Directions for this task ->
Below is a listing to write out in full, exactly as given, without its pictures.

Dataset section ->
┌──

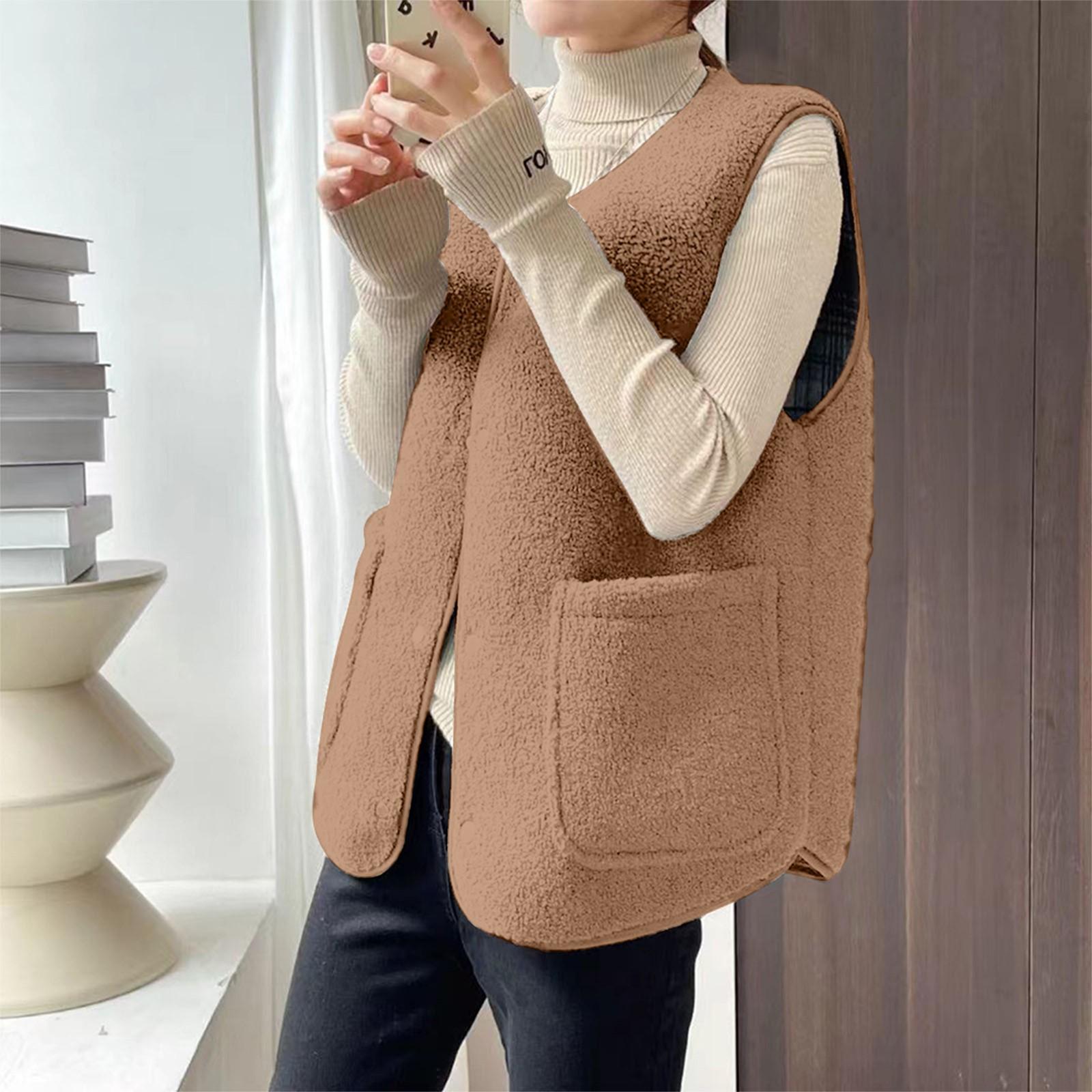 

Женский и зимний жилет из искусственной овечьей шерсти в клетку, жилет с круглым вырезом, двусторонний жилет из зернистого флиса S красный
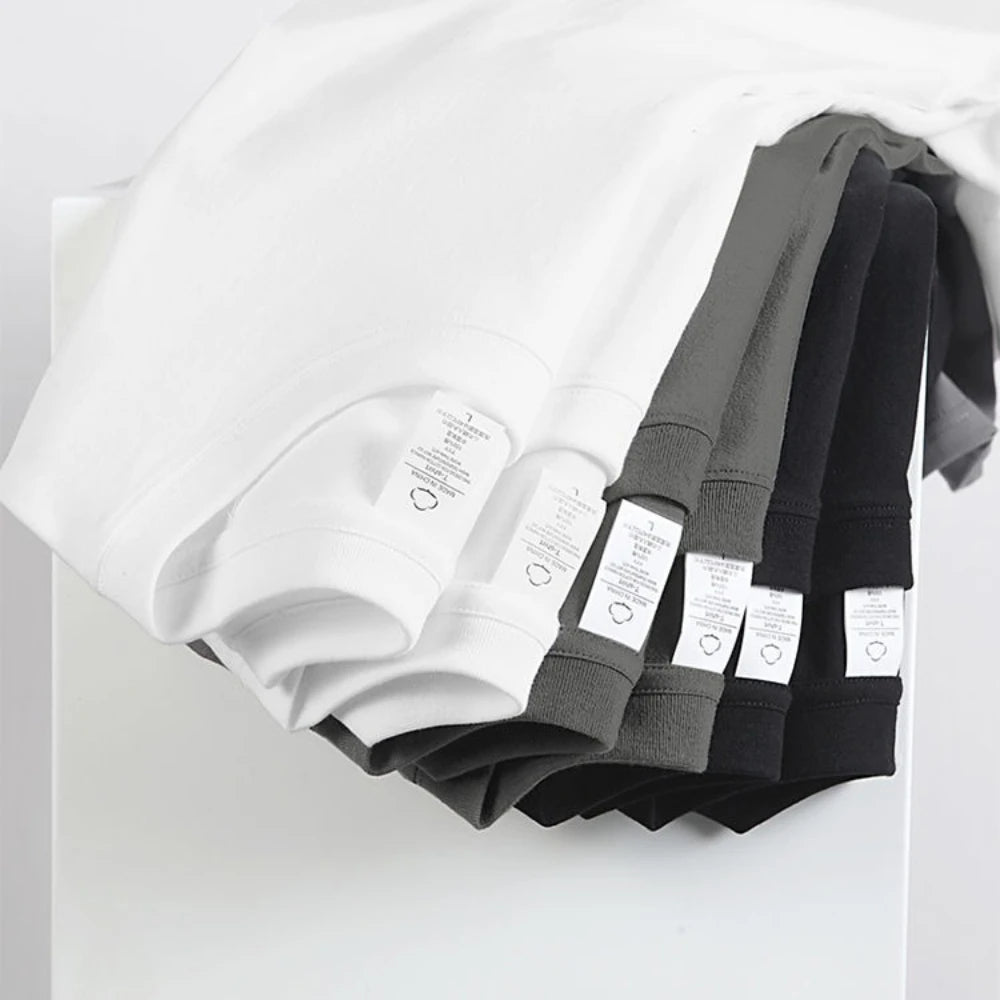 Pack 2 T-Shirts Coton 100% Homme Femme - Col Rond Respirant Blanc - Lencensa 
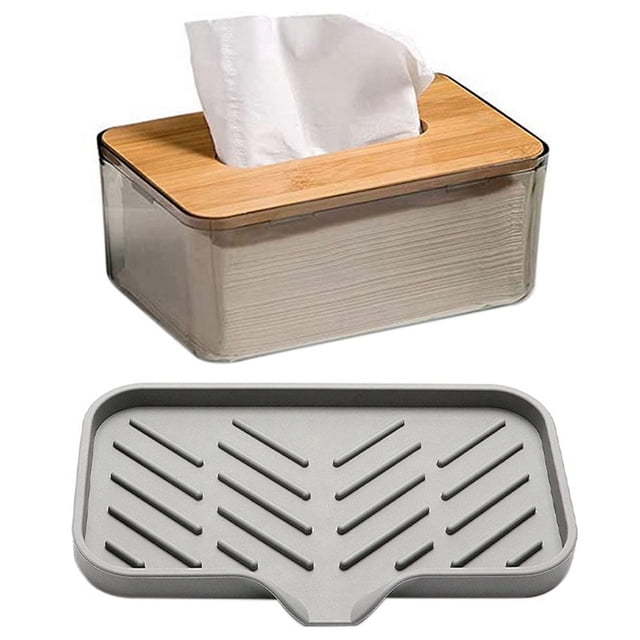 1 caja dispensadora de pañuelos con tapa de madera de bambú y 1 bandeja de silicona para jabón de cocina, bandeja para fregadero, escurridor de esponja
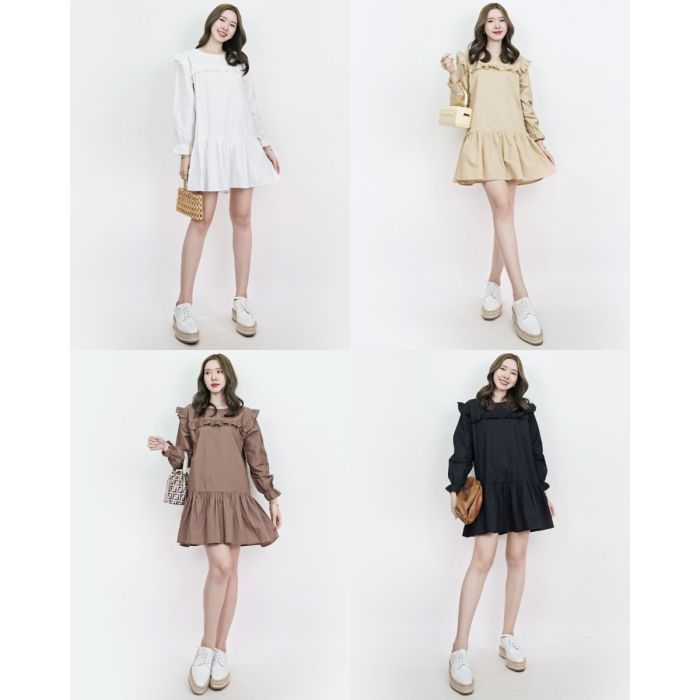 PENNY RUFFLE OVERSIZED COTTON DRESS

└──

Exercise output ->
Женский и зимний жилет из искусственной овечьей шерсти в клетку, жилет с круглым вырезом, двусторонний жилет из зернистого флиса S красный
 Pack 2 T-Shirts Coton 100% Homme Femme - Col Rond Respirant Blanc - Lencensa 
 1 caja dispensadora de pañuelos con tapa de madera de bambú y 1 bandeja de silicona para jabón de cocina, bandeja para fregadero, escurridor de esponja
 PENNY RUFFLE OVERSIZED COTTON DRESS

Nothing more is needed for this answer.